Many crypto experts consider that the timing in which ETH ETFs were approved and their performance in the market was off, causing the flop. During the previous bear market, Ethereum showed an unnatural good performance compared to other assets, having an unusual path of development.

Ethereum was also not significantly affected by the FTX collapse at the end of 2023. It had its lowest point a few months earlier, during the downfall of the largest hedge-fund trading. However, most investors weren’t optimistic about it, so Ethereum failed its momentum of glory, ultimately leading to its mediocre performance when ETFs got approval.

Not Fitting in to Be Classified

Although Ethereum is an innovative blockchain that leverages Ether at its maximum, some say it struggles to fit in on the market because it may be too edgy. On the one hand, Ethereum is one of the best-decentralized platforms, with all the necessary tools for developers to create anything from applications to games.

On the other hand, Ethereum’s creator, Vitalik Buterin, wants to focus on improving it to offer investors the best financial opportunities through a robust and reliable blockchain. Therefore, it enters the competition with Bitcoin, which is, at its core, a sort of value asset. Consequently, it doesn’t enter a single narrative that would satisfy a specific audience.

A Plethora of Ethereum Alternatives

Since many of the market's assets are backed by Ethereum, as it is built into the blockchain, the network has numerous additional investments that benefit Ether owners. Layer 2 tokens, staking-based tokens, and meme coins are only a few of the many related assets on the blockchain that make the ecosystem one of the best hubs for innovation.

However, the disadvantage of this pool of assets is that investors have too many options, and they can never know if they made the right choice of having meme coins over the actual cryptocurrency, so they limit their options for more safety. At the same time, they might follow market trends and rely on only one ETH-based asset. For example, when the meme coin season was flourishing, investors were interested in nothing but PEPE or BONK.

Previous Concerns About Asset Classification

Before the SEC approved ETH ETFs, there were speculations that the institution would declare Ethereum as a security and forget its previous commodity comment. Considering they announced Bitcoin as a commodity before, some hoped the same for Ethereum, but others were skeptical since Ethereum’s features differed slightly.

Bitcoin was easier to consider a commodity since its value was the result of supply and demand. At the same time, Bitcoin is not tied to a centralized entity, allowing it to pass the Howey test, the US’s official legal framework determining whether a transaction is an investment contract.
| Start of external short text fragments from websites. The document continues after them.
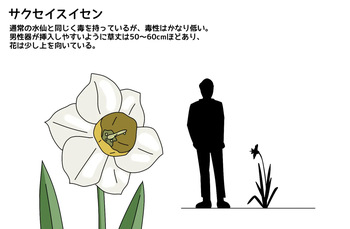 Shibo sei suisen cover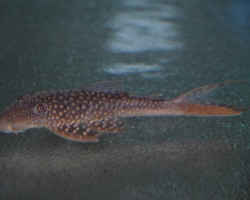 L178 Lasiancistrus Sp. M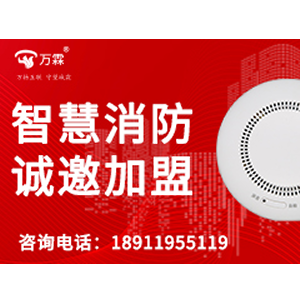 Partnering with China's smart detector tester Manufacturer: A Fire Safety Distributor Success S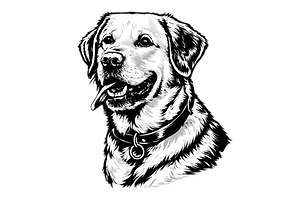 Hund lächelt Dich an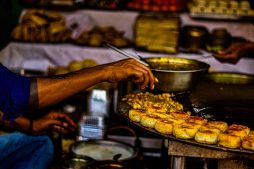 vegetarian food in india for foreigners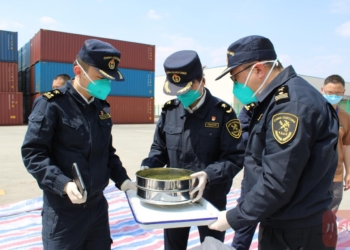 Первая партия зерновых бобовых культур из Узбекистана прибыла в Международный железнодорожный порт Чэнду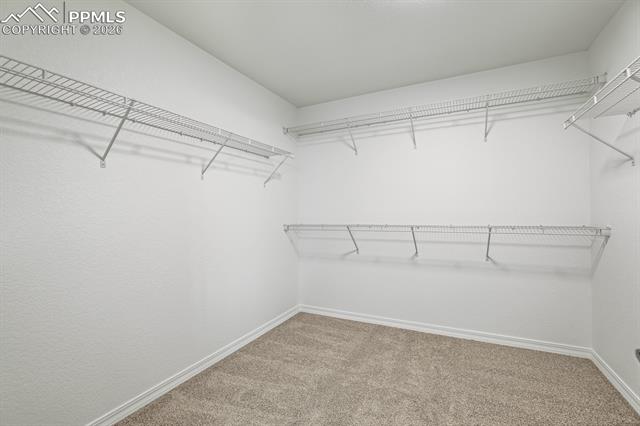 MLS Image for 9134  Chieftan  ,Colorado Springs, Colorado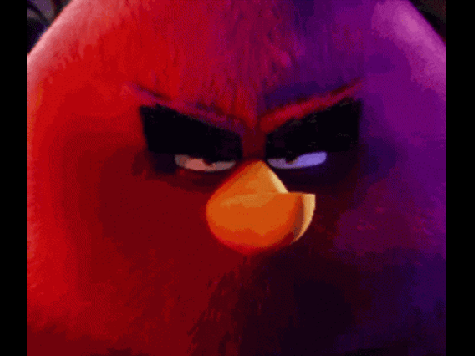 The red big bird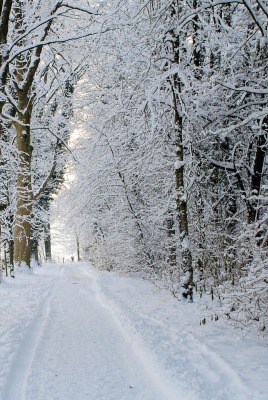 дорога снег зима лес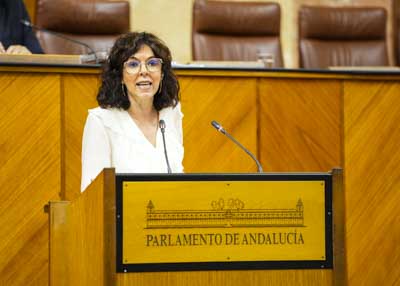 A propuesta conjunta de los GG.PP. Socialista, Por Andaluca y Mixto-Adelante Andaluca, la diputada Mara Angeles Prieto defiende una PNLP relativa a deterioro de la sanidad pblica andaluza, necesidad de incrementar su financiacin, mejorar las condiciones laborales y cumplir los pactos suscritos con los profesionales sanitarios  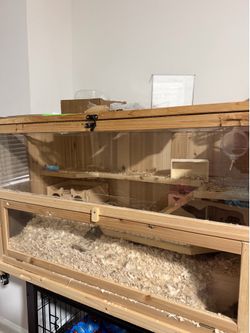 GERBILS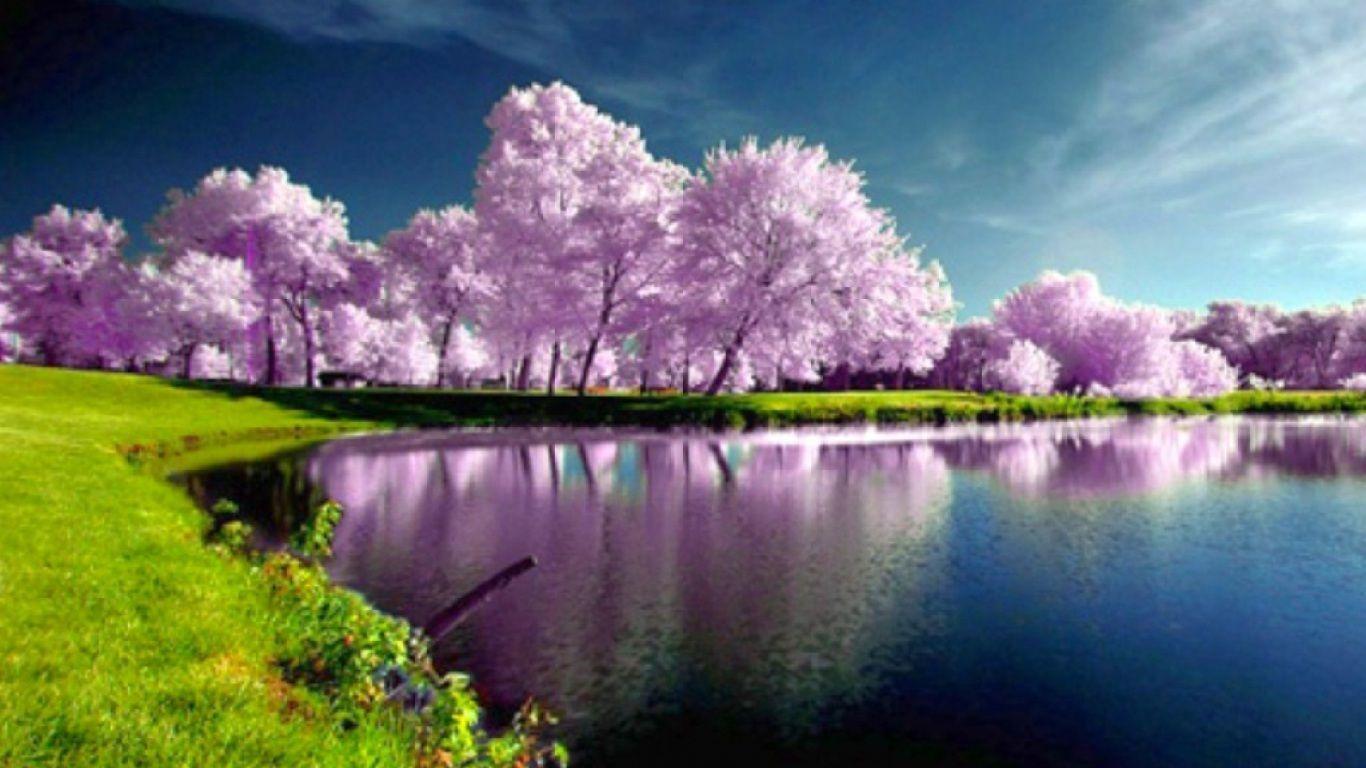 Spring Hd Desktop Wallpapers - Top Free Spring Hd Desktop Backgrounds -  Wallpaperaccess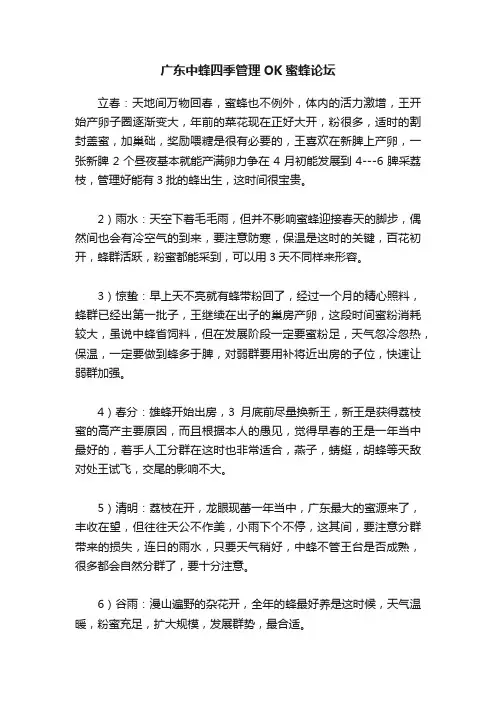 广东中蜂四季管理OK蜜蜂论坛
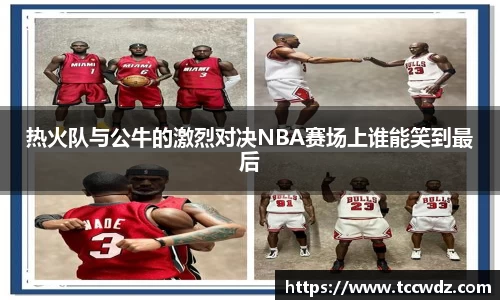 热火队与公牛的激烈对决NBA赛场上谁能笑到最后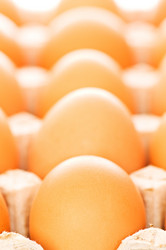 Similar image 246973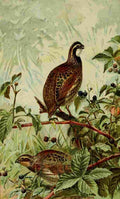 Thompson EE Birds of E North America 1896 Bob White A4 Photo Print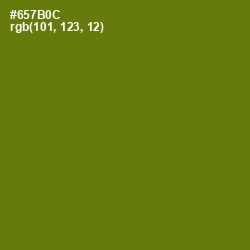 #657B0C - Olivetone Color Image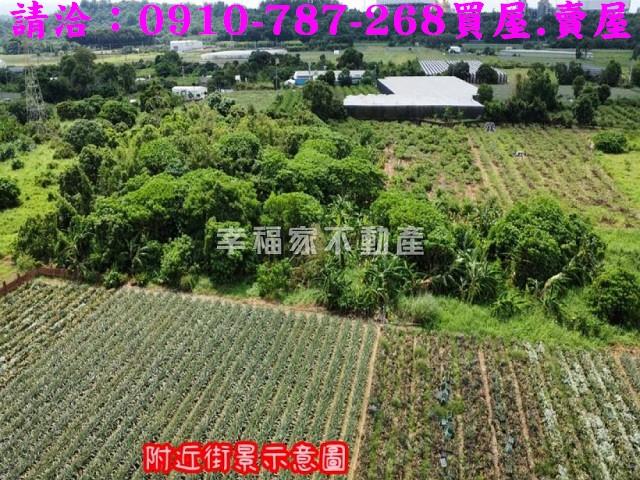 台南山上農地-7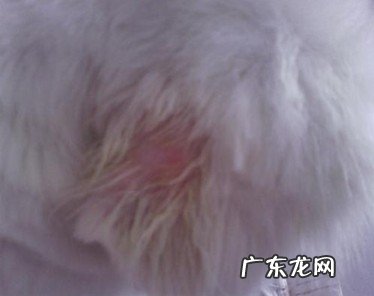 宠物狗普遍的四种寄生虫感染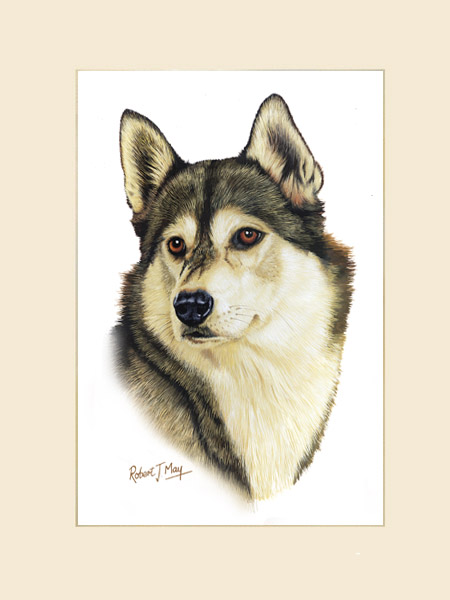 450x600 Original Siberian Husky Painting - Husky Painting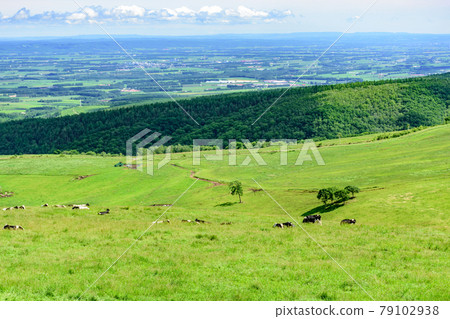 藍天Naitai高地大農場 79102938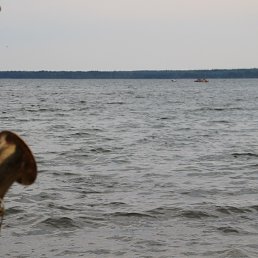 ������� 12.08.14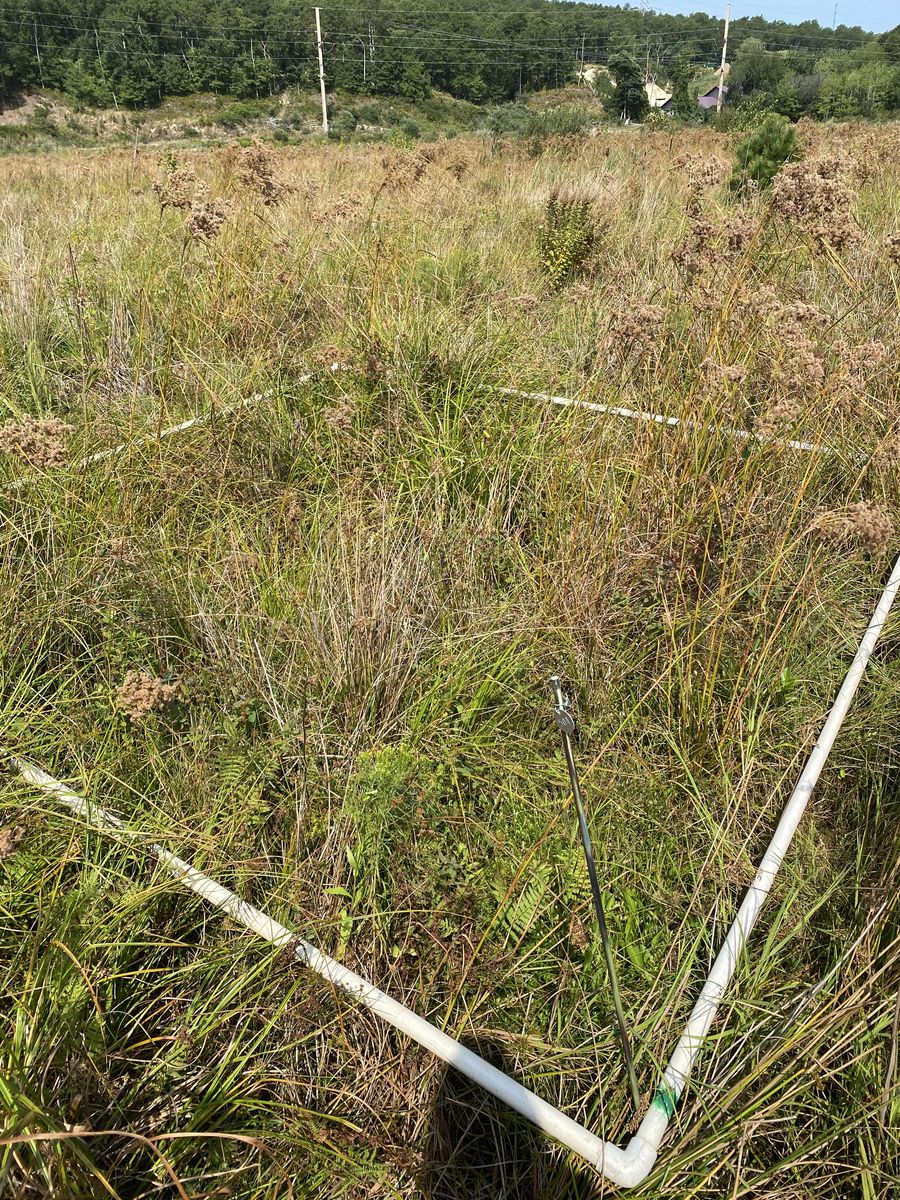 Plot 504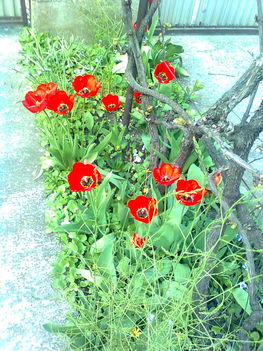 tulipánok a szőlőlugas alatt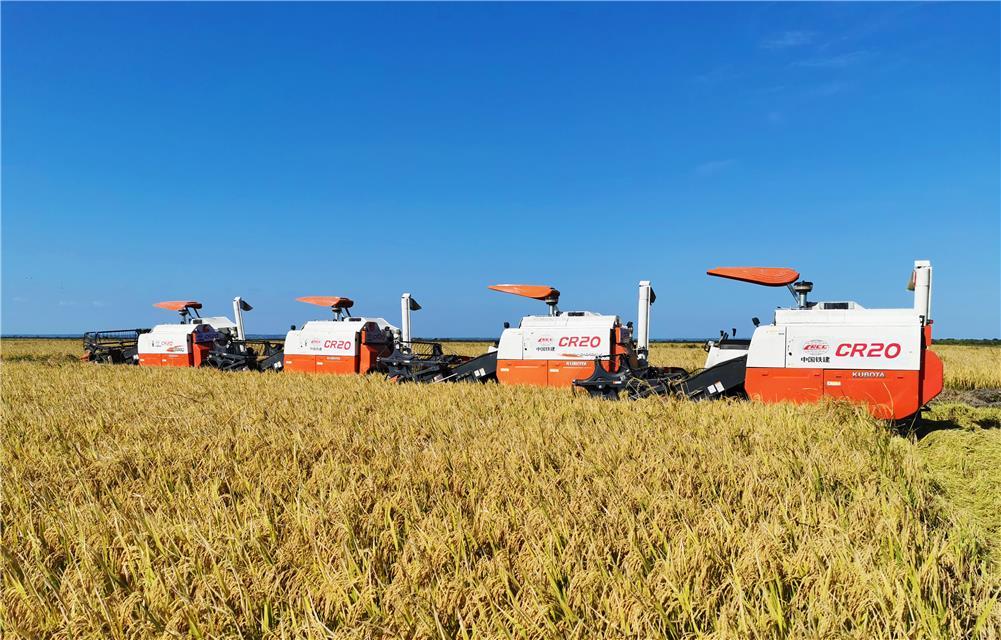 突发全球粮食再响警报：全球粮食慌 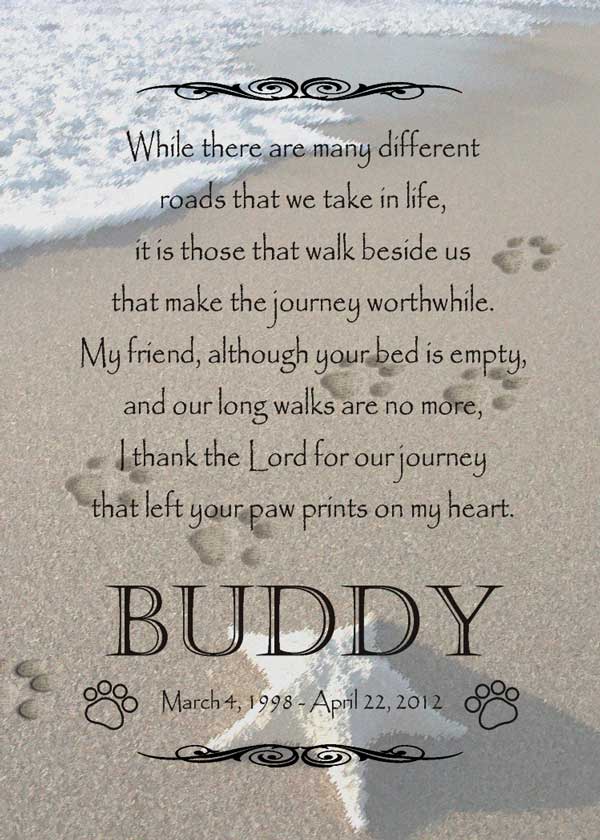 Rip Pet Quotes QuotesGram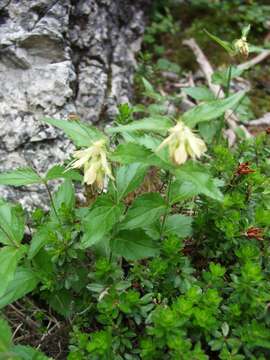 Imagem de Paederota lutea Scop.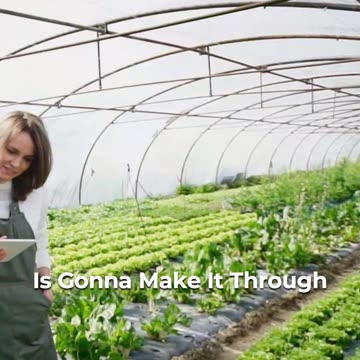 🏙️🌱 Urban Gardening Challenges! 🌿🏙️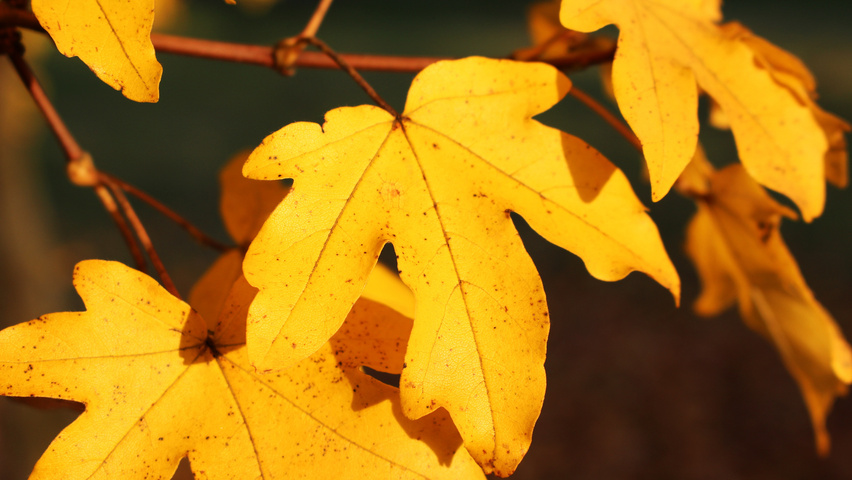 Acer campestre autumn leaves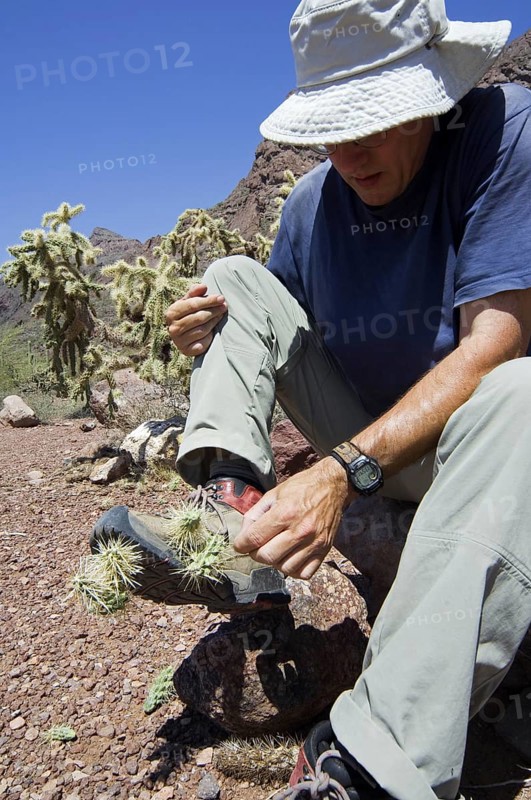 Hiker removes fallen spiny fruit of the hanging chain cholla, jumping cholla (Cylindropuntia fulgida, Opuntia fulgida) from shoe, native to the Southwestern United States and Sonora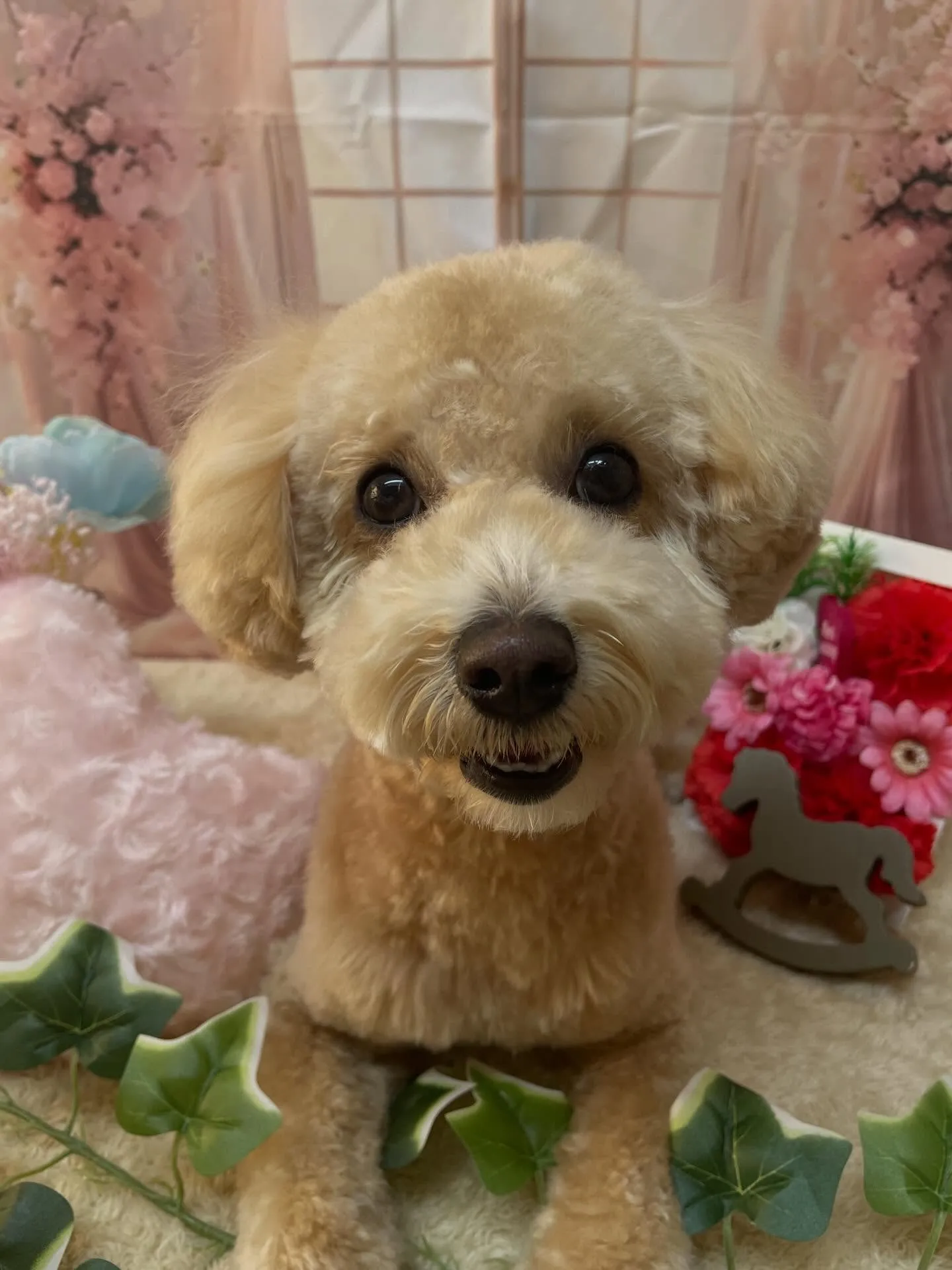 🍃3/15のトリミング🍃ミックス犬🐶｜名東区・千種区・守山区...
It’s still unclear if Ethereum is a commodity or a security, but at least the SEC didn’t label it a security, as this would impose certain challenges in trading it.

Still, ETF Approval from the SEC Assured Investors

One of the biggest problems with cryptocurrencies is the lack of regulatory oversight. This exposes investors to risks despite the fact they’re not trading with regular assets, meaning they don’t receive the same coverage and protection when things go down.

However, the SEC’s approval for Ethereum ETFs cleared out security concerns, as they’re more transparent

now. In addition, ETFs are cheaper investments than many others on the market, and they have multiple tax benefits compared to mutual funds, making them a popular choice for crypto and non-crypto investors.

This will inherently attract new buyers to the Ethereum ecosystem since it allows institutional investors to explore a new area full of benefits. On the other hand, Ethereum ETFs will give crypto-natives another reason to return to Ethereum investments.

Nevertheless, ETFs Are Not Entirely Safe

No single investment is 100% safe and profitable. This applies to ETFs as well, whether Bitcoin or Ethereum. Therefore, despite their benefits, investing in ETFs can present considerable risks. First, investors must understand the tax implications of ETFs. Otherwise, they might end up having to pay a significant tax bill due to negligence. For example, commodity ETFs have specific tax implications based on the funds’ structure.

On the other hand, ETFs are prone to tracking errors, which can sometimes be insignificant and not affect investors. However, there are instances where the difference between the index fund and the target index is considerable, influencing the investors’ returns.

Finally, ETFs include liquidity risks since not all benefit from a high trading volume, but you may encounter this when it’s too late to exit the position fast enough to avoid losses.

What’s Your Take on Ethereum ETFs?

Ethereum ETFs were some of the most awaited crypto assets of the year, especially since the SEC approved Bitcoin ETFs at the beginning of the year. However, their performance was objectively poor, as prices and popularity flopped shortly after their introduction to the market. Several factors, like improper classification or too many Ethereum alternatives, contributed to a lack of accomplishment. Still, we’re optimistic about a substantial return in the future.